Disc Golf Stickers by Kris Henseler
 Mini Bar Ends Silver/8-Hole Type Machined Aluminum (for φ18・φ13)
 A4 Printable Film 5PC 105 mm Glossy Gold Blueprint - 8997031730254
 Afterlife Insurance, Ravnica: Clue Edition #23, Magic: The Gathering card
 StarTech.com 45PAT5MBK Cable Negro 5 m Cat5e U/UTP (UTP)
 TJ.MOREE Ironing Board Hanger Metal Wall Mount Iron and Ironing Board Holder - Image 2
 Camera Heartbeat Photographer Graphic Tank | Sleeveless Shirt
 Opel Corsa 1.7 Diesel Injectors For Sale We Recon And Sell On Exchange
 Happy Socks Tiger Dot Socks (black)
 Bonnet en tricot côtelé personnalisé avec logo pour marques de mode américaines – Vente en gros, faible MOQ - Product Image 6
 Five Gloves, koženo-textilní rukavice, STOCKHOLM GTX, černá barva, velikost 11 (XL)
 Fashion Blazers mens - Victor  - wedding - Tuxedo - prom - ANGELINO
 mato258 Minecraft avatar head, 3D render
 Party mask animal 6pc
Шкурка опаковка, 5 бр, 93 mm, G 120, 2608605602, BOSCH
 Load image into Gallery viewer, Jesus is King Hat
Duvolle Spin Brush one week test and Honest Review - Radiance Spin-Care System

TASK TO CARRY OUT
Could you retype the entire listing exactly?

WRITTEN REPLY
Disc Golf Stickers by Kris Henseler
 Mini Bar Ends Silver/8-Hole Type Machined Aluminum (for φ18・φ13)
 A4 Printable Film 5PC 105 mm Glossy Gold Blueprint - 8997031730254
 Afterlife Insurance, Ravnica: Clue Edition #23, Magic: The Gathering card
 StarTech.com 45PAT5MBK Cable Negro 5 m Cat5e U/UTP (UTP)
 TJ.MOREE Ironing Board Hanger Metal Wall Mount Iron and Ironing Board Holder - Image 2
 Camera Heartbeat Photographer Graphic Tank | Sleeveless Shirt
 Opel Corsa 1.7 Diesel Injectors For Sale We Recon And Sell On Exchange
 Happy Socks Tiger Dot Socks (black)
 Bonnet en tricot côtelé personnalisé avec logo pour marques de mode américaines – Vente en gros, faible MOQ - Product Image 6
 Five Gloves, koženo-textilní rukavice, STOCKHOLM GTX, černá barva, velikost 11 (XL)
 Fashion Blazers mens - Victor  - wedding - Tuxedo - prom - ANGELINO
 mato258 Minecraft avatar head, 3D render
 Party mask animal 6pc
Шкурка опаковка, 5 бр, 93 mm, G 120, 2608605602, BOSCH
 Load image into Gallery viewer, Jesus is King Hat
Duvolle Spin Brush one week test and Honest Review - Radiance Spin-Care System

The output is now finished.